What you will do
Output exactly the lines from the line that has "Státu jsme nakonec" through the last line of the data below, with no pictures.
-- Records shown follows --
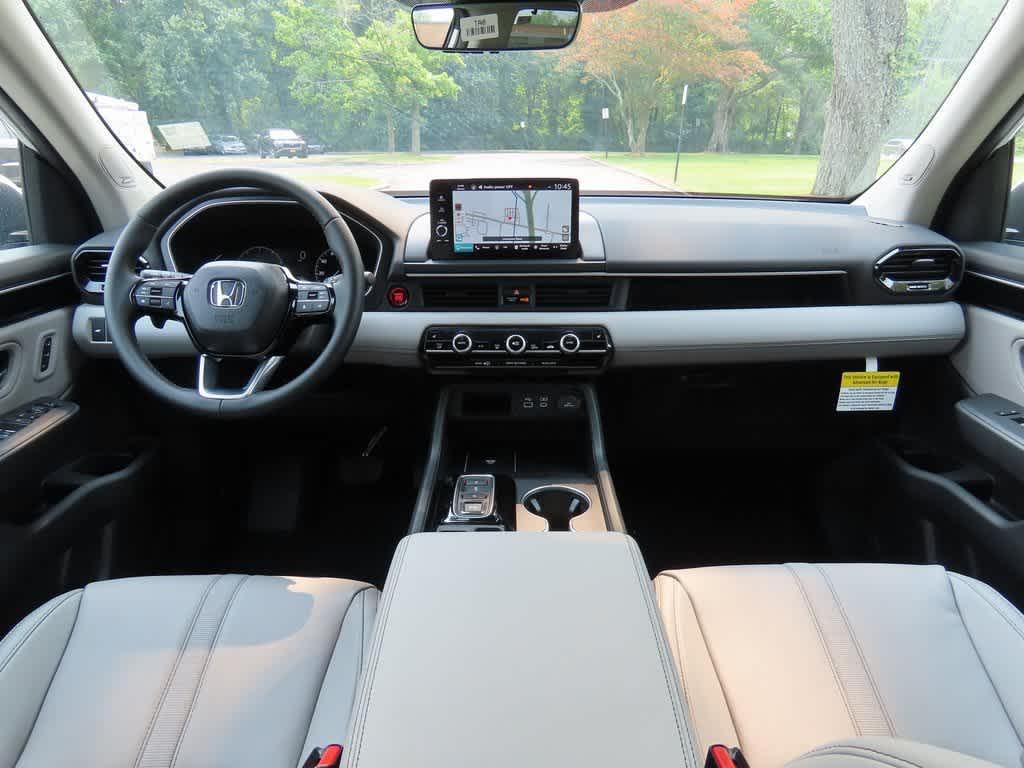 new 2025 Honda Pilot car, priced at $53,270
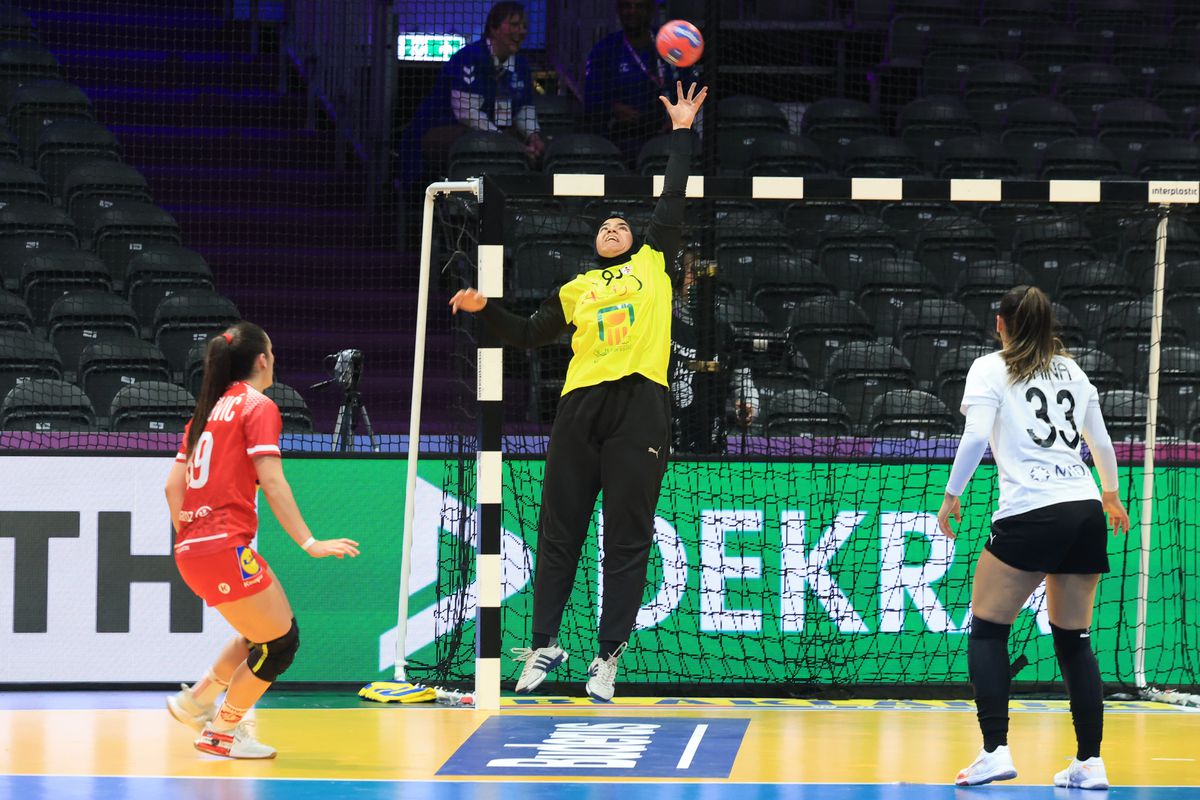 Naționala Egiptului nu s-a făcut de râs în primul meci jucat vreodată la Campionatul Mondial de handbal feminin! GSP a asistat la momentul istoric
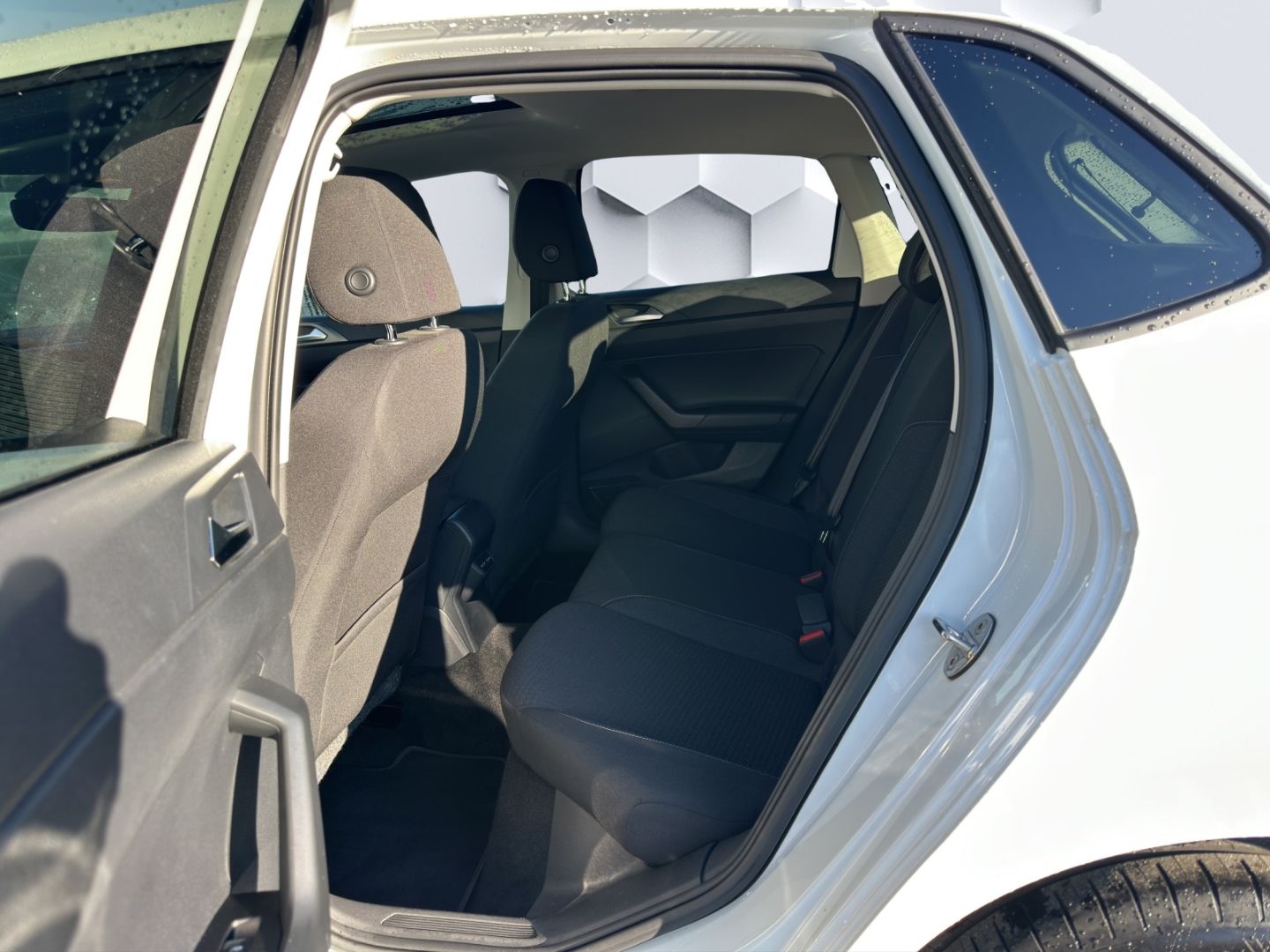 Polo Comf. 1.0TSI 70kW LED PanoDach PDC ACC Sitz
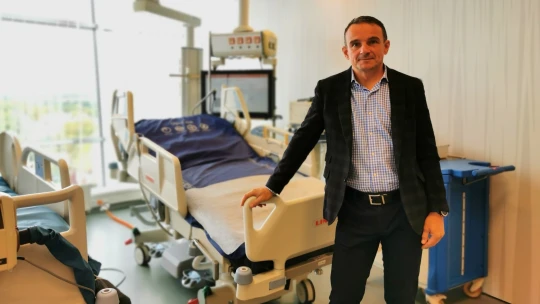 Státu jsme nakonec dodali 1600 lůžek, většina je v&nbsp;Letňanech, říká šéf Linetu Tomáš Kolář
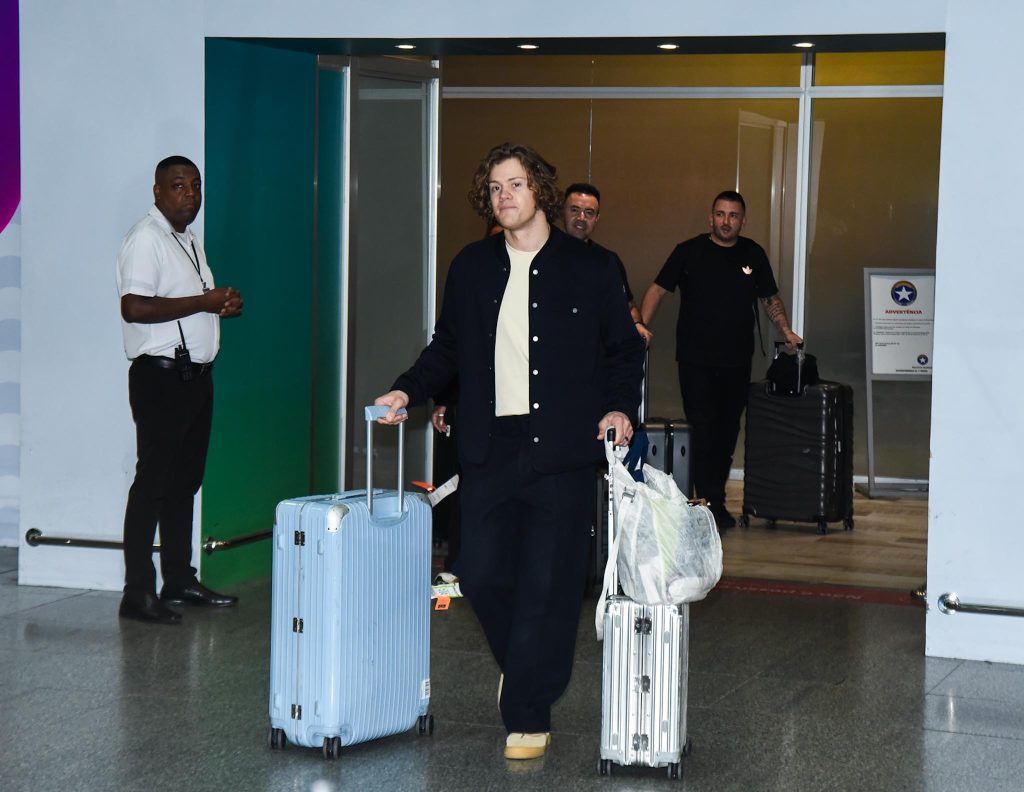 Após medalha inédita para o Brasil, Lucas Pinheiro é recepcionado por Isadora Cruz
-- Records shown concluded --
Result for this exercise
 Státu jsme nakonec dodali 1600 lůžek, většina je v&nbsp;Letňanech, říká šéf Linetu Tomáš Kolář
 Após medalha inédita para o Brasil, Lucas Pinheiro é recepcionado por Isadora Cruz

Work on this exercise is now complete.